_WHAT IS REQUIRED_
Begin at the line below that has "2CD The Incredible". Stop after the line that has "Pray Days Change 2 (Explicit)", repeating each line exactly and leaving out the pictures.
(RECORDS FOR THE EXERCISE)
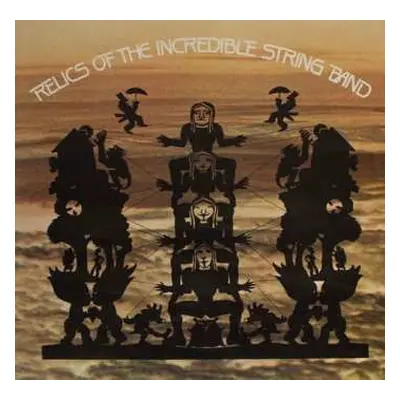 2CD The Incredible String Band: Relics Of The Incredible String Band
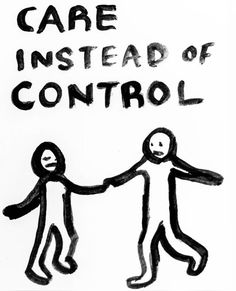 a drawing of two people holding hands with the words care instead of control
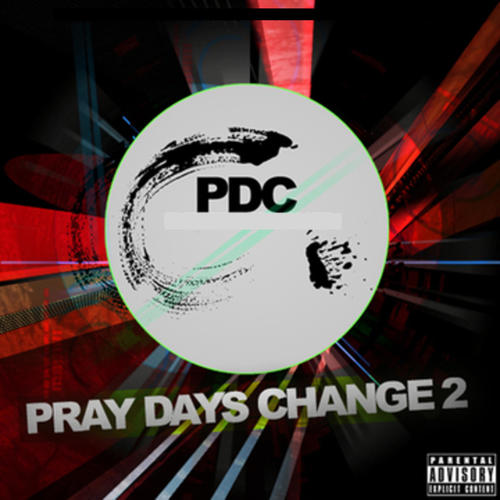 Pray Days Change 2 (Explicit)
(End RECORDS FOR THE EXERCISE)
(RECORDS FOR THE EXERCISE)
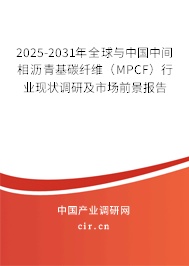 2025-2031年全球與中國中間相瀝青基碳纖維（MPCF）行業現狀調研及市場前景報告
(End RECORDS FOR THE EXERCISE)
_SOLUTION FOR THIS TASK_
 2CD The Incredible String Band: Relics Of The Incredible String Band
 a drawing of two people holding hands with the words care instead of control
 Pray Days Change 2 (Explicit)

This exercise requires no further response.